The shower wouldn't drain until the water reached above my calves, patches of mold bloomed in every nook and cranny of the damp bathroom, and the plaster drywall by the shower began to fall off in chunks. We couldn't have the lights, the TV on, and the more than one AC unit on at the same time without a blowing a fuse. The clothes iron and blow-dryer were similarly problematic. One day, our kitchen sink wouldn't drain. I told our landlord repeatedly (via phone and email). By day three of the backed up sink, we couldn't wash any dishes. After the sink was backed up for five days, a plumber (supposedly summoned days ago) finally appeared and cursed my landlord's name after he saw the sink.

In the fall when our steam radiators rattled, knocked, and hissed at all hours, mice emerged from the walls, darting one at a time from the living room to the kitchen. We called our landlord, who was not surprised by our rodent sighting. He came over, armed with sticky traps and rat poison. He explained that the warm building was a warm haven, "like Miami beach" for rats once the cold weather started. He calmly sprinkled the blue crystals of rat poison around our fridge and in the crack between out counter top and our stove. Later, I found one dead, and I still continued to see live ones skulking in the kitchen well into the spring.

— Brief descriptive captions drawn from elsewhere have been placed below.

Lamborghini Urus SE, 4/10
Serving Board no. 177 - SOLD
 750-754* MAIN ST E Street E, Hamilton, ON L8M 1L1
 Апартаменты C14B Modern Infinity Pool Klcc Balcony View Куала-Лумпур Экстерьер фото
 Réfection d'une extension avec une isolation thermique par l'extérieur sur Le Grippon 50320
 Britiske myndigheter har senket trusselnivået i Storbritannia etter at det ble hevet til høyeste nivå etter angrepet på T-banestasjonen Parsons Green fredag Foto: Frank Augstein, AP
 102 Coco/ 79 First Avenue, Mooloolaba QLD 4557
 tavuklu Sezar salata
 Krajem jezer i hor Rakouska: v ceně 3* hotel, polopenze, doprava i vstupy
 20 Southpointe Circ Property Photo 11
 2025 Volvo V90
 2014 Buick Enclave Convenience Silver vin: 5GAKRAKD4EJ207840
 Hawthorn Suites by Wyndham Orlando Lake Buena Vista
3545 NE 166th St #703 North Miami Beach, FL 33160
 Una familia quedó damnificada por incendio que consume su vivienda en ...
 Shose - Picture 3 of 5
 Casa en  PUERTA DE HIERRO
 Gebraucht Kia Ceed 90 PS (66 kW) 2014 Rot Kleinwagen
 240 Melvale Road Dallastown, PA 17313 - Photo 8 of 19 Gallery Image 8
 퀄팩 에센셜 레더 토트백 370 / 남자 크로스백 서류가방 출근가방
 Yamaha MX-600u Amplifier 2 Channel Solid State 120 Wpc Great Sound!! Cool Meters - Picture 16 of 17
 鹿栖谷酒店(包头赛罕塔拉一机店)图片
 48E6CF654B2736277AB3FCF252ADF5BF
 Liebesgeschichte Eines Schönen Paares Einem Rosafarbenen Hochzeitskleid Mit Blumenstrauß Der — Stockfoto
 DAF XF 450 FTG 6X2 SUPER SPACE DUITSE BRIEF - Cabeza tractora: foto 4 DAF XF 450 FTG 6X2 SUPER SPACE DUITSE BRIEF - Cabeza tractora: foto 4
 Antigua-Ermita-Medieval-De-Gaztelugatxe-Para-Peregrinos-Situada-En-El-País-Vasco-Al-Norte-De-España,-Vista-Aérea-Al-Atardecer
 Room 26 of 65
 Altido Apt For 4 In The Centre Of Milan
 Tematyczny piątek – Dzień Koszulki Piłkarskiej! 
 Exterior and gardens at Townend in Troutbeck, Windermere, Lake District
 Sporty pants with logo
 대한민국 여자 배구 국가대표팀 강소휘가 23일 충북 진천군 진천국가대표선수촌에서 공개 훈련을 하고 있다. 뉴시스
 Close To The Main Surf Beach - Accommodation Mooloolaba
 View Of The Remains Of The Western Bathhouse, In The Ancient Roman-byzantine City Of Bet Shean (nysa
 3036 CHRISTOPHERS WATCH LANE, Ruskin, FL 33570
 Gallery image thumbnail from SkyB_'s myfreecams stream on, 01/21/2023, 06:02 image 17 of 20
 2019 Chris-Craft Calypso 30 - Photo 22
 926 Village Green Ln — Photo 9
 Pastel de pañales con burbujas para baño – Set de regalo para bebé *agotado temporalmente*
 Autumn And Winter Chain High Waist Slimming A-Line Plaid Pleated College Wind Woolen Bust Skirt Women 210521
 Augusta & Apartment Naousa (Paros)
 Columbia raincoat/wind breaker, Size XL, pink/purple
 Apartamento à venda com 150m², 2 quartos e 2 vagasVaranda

The fun continued into the holiday season. One December morning as I rushed out through the vestibule, I stopped dead in my tracks. Sometime during the previous night. The landlord had arranged a seasonal tableau of a large stuffed reindeer surrounded by miniature stuffed reindeer and pine cones, haphazardly scattered on a red felt cloth (picture attached). It stayed into the holiday season and was the centerpiece of a holiday party the landlord arranged later that month. The invitation was a photocopy of a note handwritten in Sharpie, slipped under our door, that promised $50 off in rent for all tenants who attended. At the party, my landlord served last year's Martinelli's sparkling cider in paper Dixie cups, and I stared at the stuffed reindeer, calculating how many minutes I would have to stay to earn the discount on rent.

I moved into a managed, high-rise building this summer, with a 24/7 concierge desk and a system for placing work orders for problems as trivial as a burned-out fluorescent. Sometimes, I think about stopping by my old building, commiserating with the current tenants in my old apartment, and reassuring them that things will get better - when they move out.